Why the Scary Road Was the Only Road

This is what makes the scary road the only one that leads anywhere. To be truly seen, you first have to stop hiding, walk straight into the thing you have been avoiding, show the draft, let the actors in, hand the cut to someone you trust. The safe road, the steady editing career, the less personal scripts, the drafts kept in a drawer, is the road of never being seen, and therefore of never quite seeing yourself. Ahn chose the terrifying option because it was the only one pointed toward clarity, and the years of rejection were simply the cost of staying on it. The film grew out of a 2023 short, gathered a producer she had once edited for as an early believer, and only found its footing financially once her cast, major names in Korea, helped unlock Korean backing. Even getting into Sundance she learned at the dentist, from a voicemail she assumed was a note about her cut; when the programmer told her the news, she went silent, unable to take it in. A long road of rejection, she says, only makes the arrival sweeter.
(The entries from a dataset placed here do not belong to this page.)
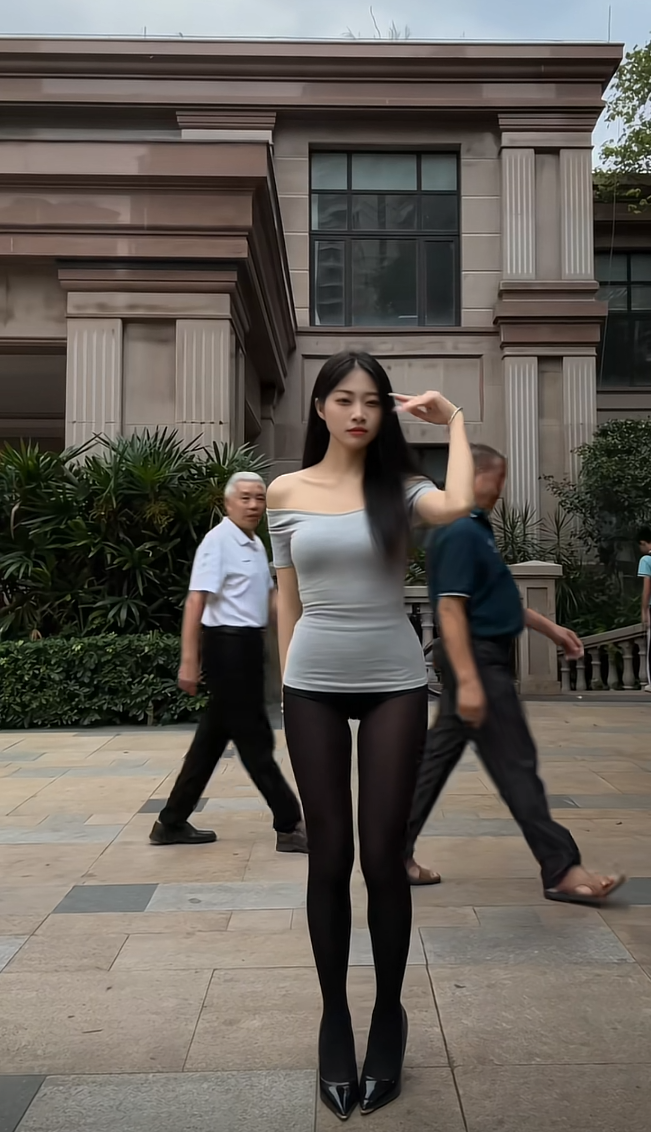 大爷此刻在想什么  ？？？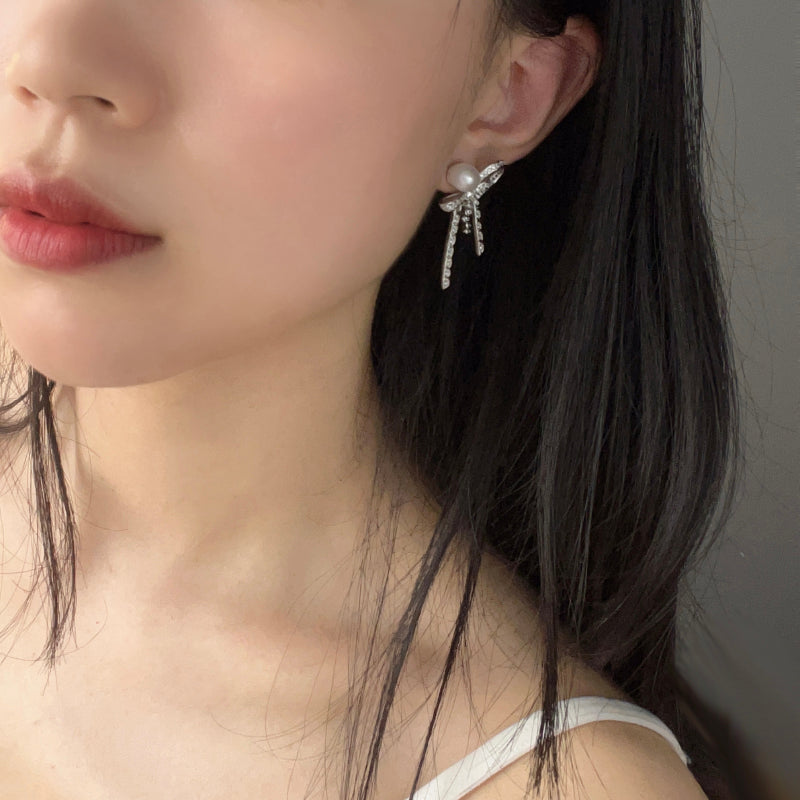 Chic Ribbon Pearl Earrings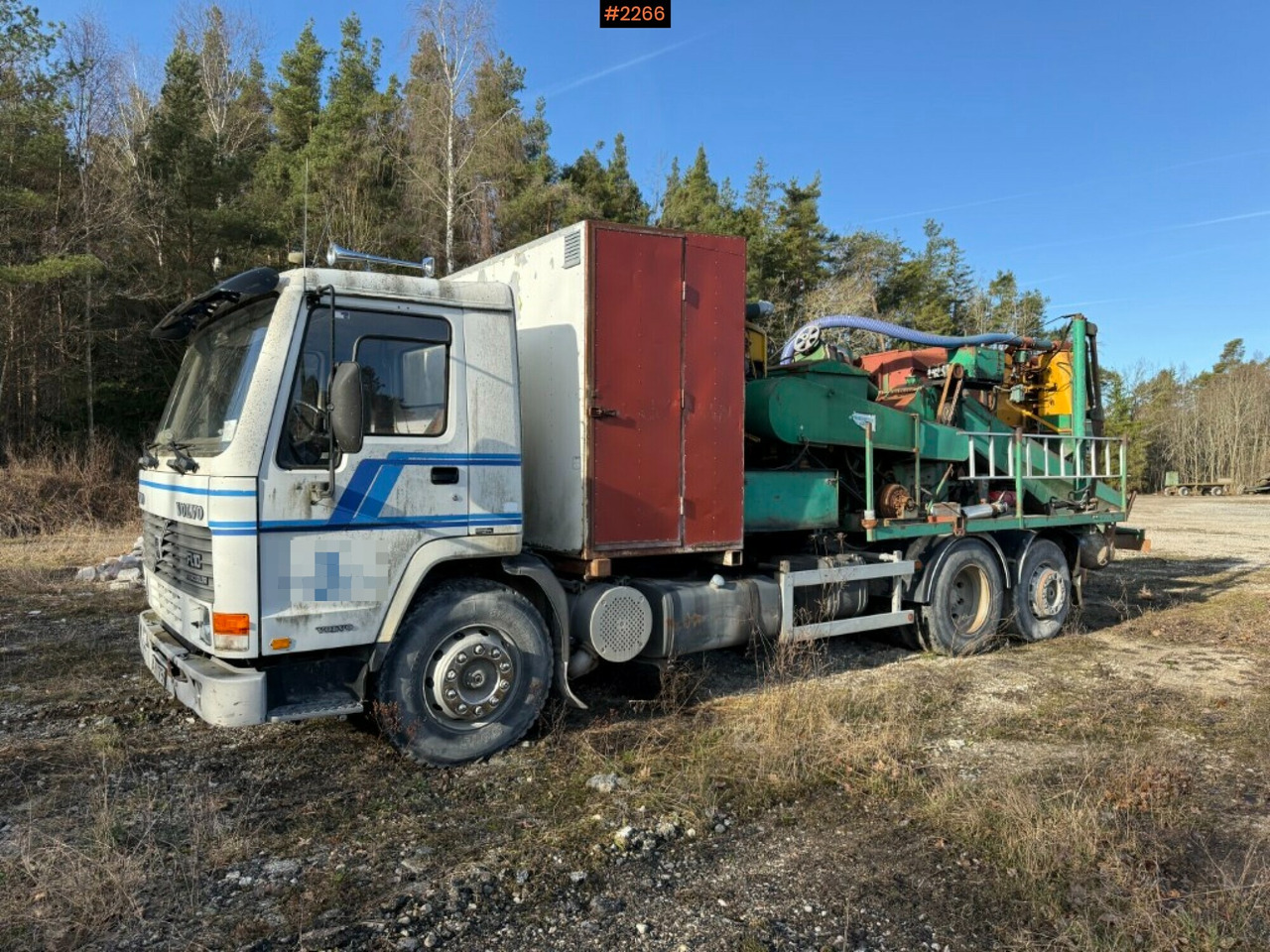 Volvo FL10 6x2 with mobile grain mill - Truck: picture 1 Volvo FL10 6x2 with mobile grain mill - Truck: picture 1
Her advice to her younger self says the same thing from another angle: get comfortable with the unknown, throw out the need for security and answers, and you find a strange freedom, and you start to enjoy the process.

What Editing Taught Her

It is no accident that an editor made this particular film. Editing, for Ahn, is the discipline of being seen and clarified. She wanted a co-editor to take the lead precisely because you cannot edit yourself any more than you can see yourself; she needed someone with a matched sensibility who could catch her blind spots and disagree with her honestly. The same instinct shaped the whole production, an unusually long rehearsal, her lead actress cast a full six years before the shoot, meeting for hours over years until the performances were excavated rather than performed; the actors, she stresses, were smart storytellers and full collaborators, not instruments, and the developing was the joy of it. The film’s restraint, its refusal of neat resolutions, its patient pace, all come from that conviction that truth is something you arrive at together, slowly. Even the shoot, in Englewood, New Jersey, opened with a brutally overloaded first day that the crew nonetheless cleared without going over, a baptism that, she says, made the whole team feel briefly invincible.

A Quiet Lineage

Her touchstones are revealing because they look nothing like her film on the surface.

The one she returns to most is Lee Chang-dong’s Secret Sunshine, the masterful Korean drama of a grieving woman undone and remade after a death, which she studies not for its tone but for its architecture, how it builds an emotional structure. She cites Asghar Farhadi’s A Separation at the level of the script, and Jacques Audiard’s Rust and Bone, and, more surprisingly, Michael Mann’s The Insider and Heat, for the poetic isolation his characters move through. Bedford Park belongs beside two films she doesn’t name: Celine Song’s Past Lives, that aching study of Korean American longing and connection, and Charlotte Wells’s Aftersun, an autobiographical debut whose restraint draws its power from the courage to look closely and be seen. Ahn lacked the objectivity to know if her own life made a story. She found out by trusting other people to see it, which is the very thing her film is about. The scary road and the only road were always the same road.